# [WHAT THE TASK REQUIRES]
Below are some entries. Transcribe the lines from the one holding "Who is excited to learn from Manisha?! 🔥🔥" to the one holding "Shiny Spaghetti Strap", inclusive, but not the pictures among them.

# [DATA FOR REVIEW]
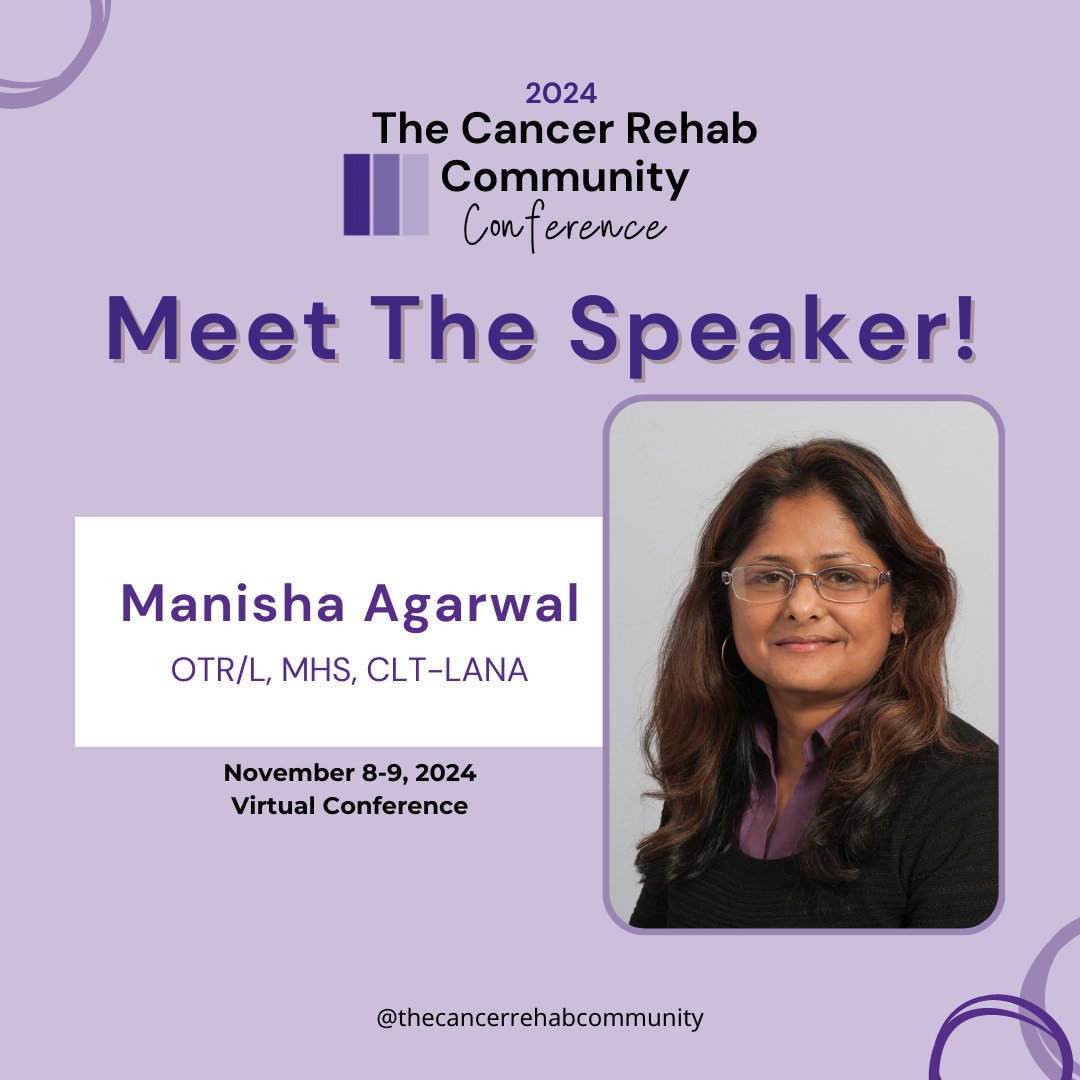 CancerRehabComm's tweet image. Meet Your TCRCC 2024 Speaker:

⭐Manisha Agarwal!⭐
@manisha.agarwal.583

One of her areas of focus is head and neck cancer 👀👀

Who is excited to learn from Manisha?! 🔥🔥

Save your seat TODAY at TheCancerRehabCommunity.com/conference

#tcrcc2024 #cancerrehab #TCRC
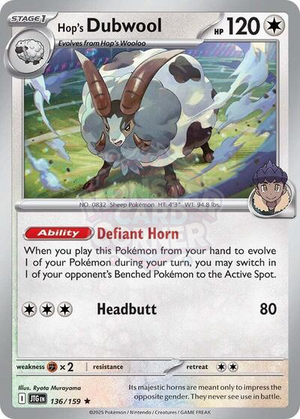 Pokemon TCG - SV09: Journey Together - Hop's Dubwool - 136/159 - Reverse Holofoil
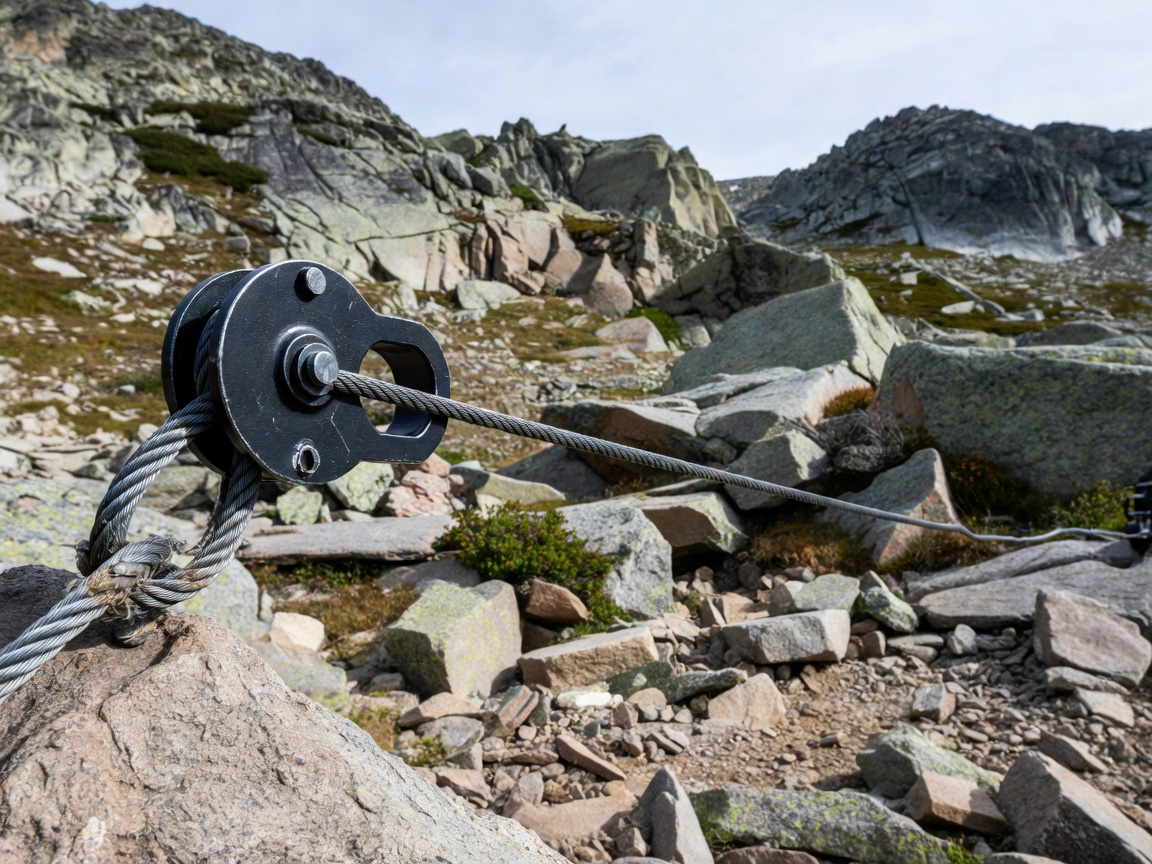 Technical synthetic winch line rigged through a snatch block anchor in mountain terrain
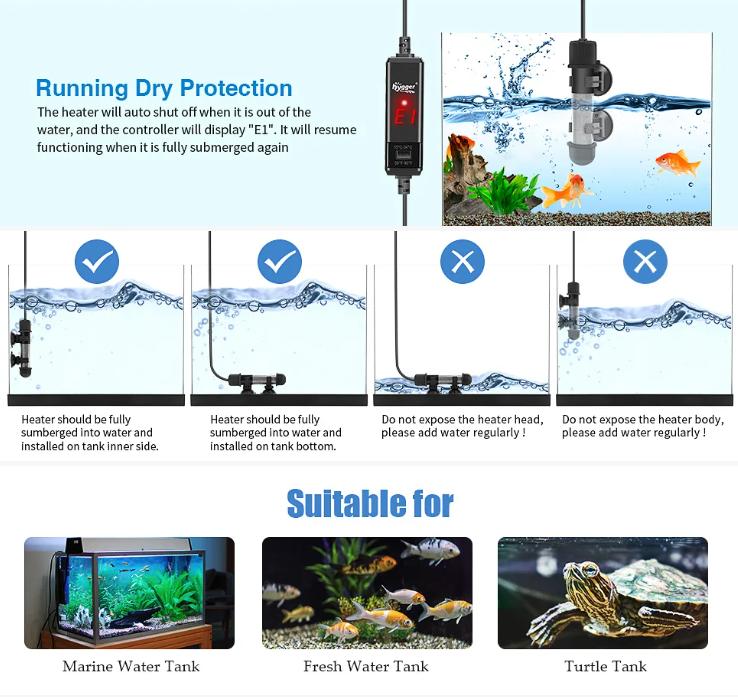 hygger Small Aquarium Betta Heater, Submersible Fish Tank Heater 50W with LED Digital Display, Suitable for Marine Saltwater and Freshwater up to 5/10/16/26 Gallon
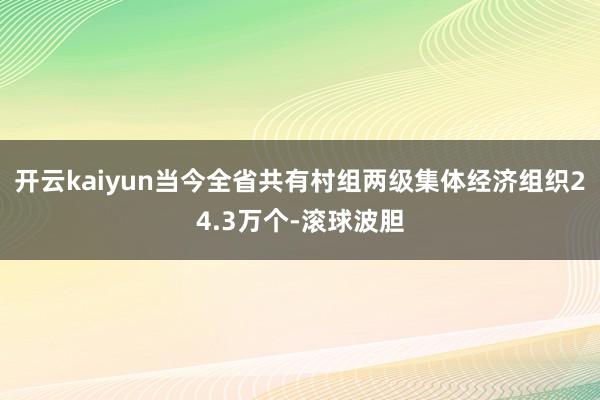 开云kaiyun当今全省共有村组两级集体经济组织24.3万个-滚球波胆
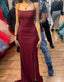 Shiny Spaghetti Strap Sleeveless Mermaid Satin Long Prom Dresses Online, OL570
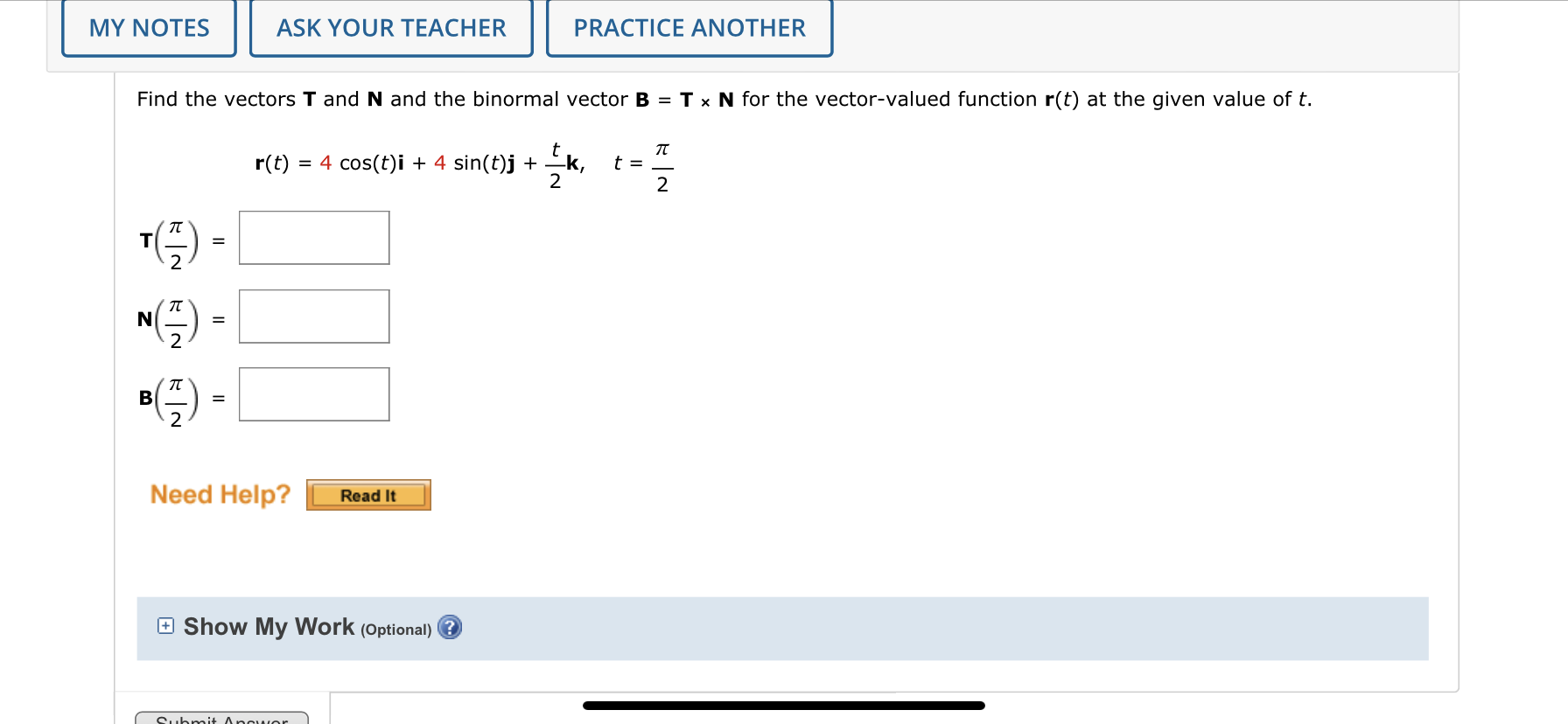 Solved Find the vectors T and N and the binormal vector | Chegg.com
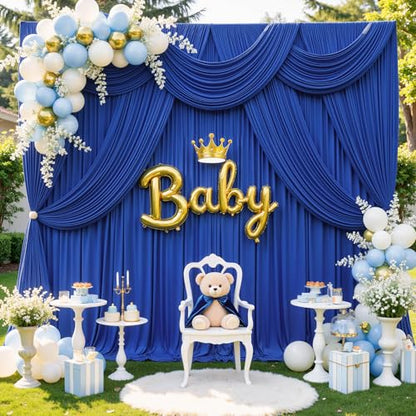 20ft x 12ft Royal Blue Backdrop Curtains for Wedding Parties - color: Royal Blue, size: W5' x H12'(4 panels)
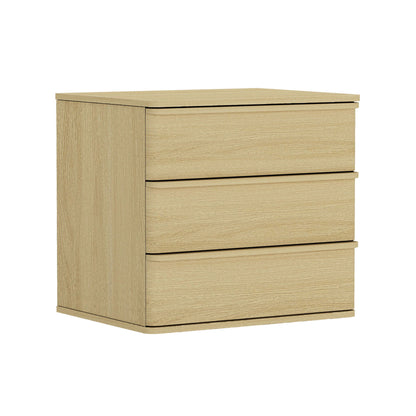 Oak nightstand with three drawers, light wood finish, accent storage on Tampa Home & Garden Store
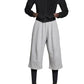 Top-down flat lay of the folded loose-fitting sweatpants in gray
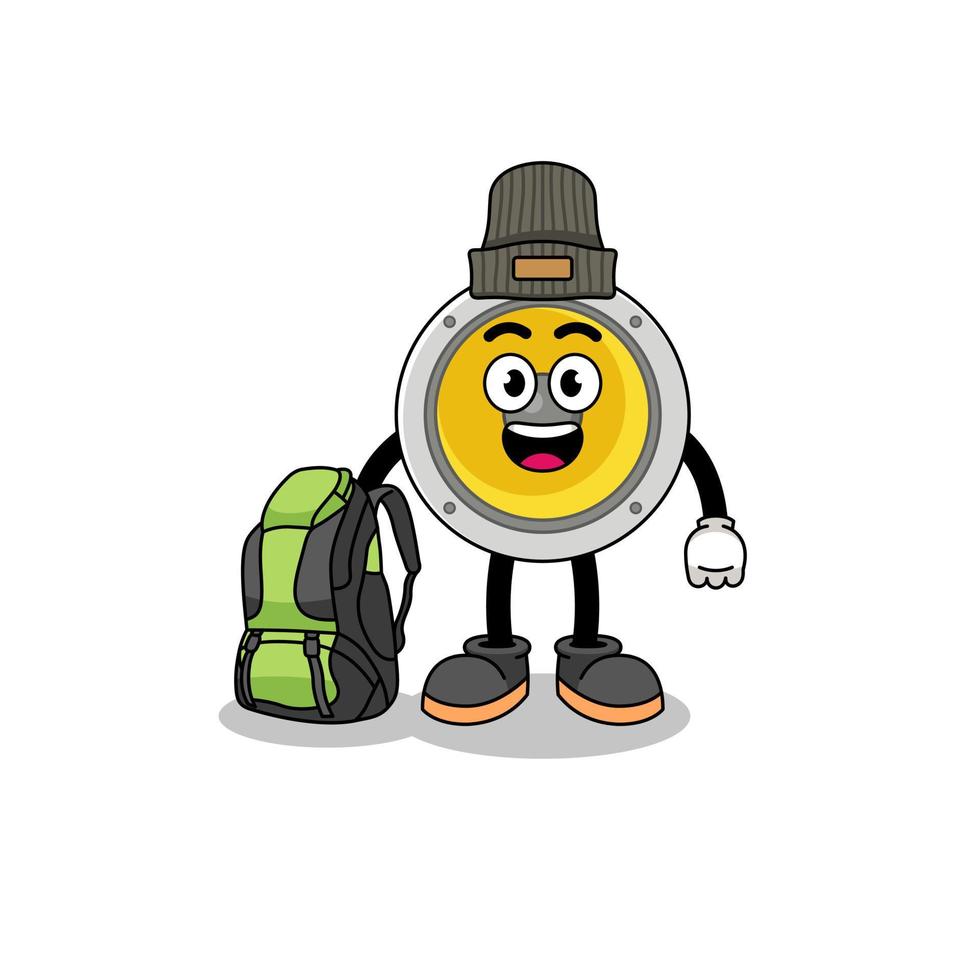 Illustration of speaker mascot as a hiker vector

# [REPLY TO THE EXERCISE]
Who is excited to learn from Manisha?! 🔥🔥

Save your seat TODAY at TheCancerRehabCommunity.com/conference

#tcrcc2024 #cancerrehab #TCRC
 Pokemon TCG - SV09: Journey Together - Hop's Dubwool - 136/159 - Reverse Holofoil
 Technical synthetic winch line rigged through a snatch block anchor in mountain terrain
 hygger Small Aquarium Betta Heater, Submersible Fish Tank Heater 50W with LED Digital Display, Suitable for Marine Saltwater and Freshwater up to 5/10/16/26 Gallon
 开云kaiyun当今全省共有村组两级集体经济组织24.3万个-滚球波胆
 Shiny Spaghetti Strap Sleeveless Mermaid Satin Long Prom Dresses Online, OL570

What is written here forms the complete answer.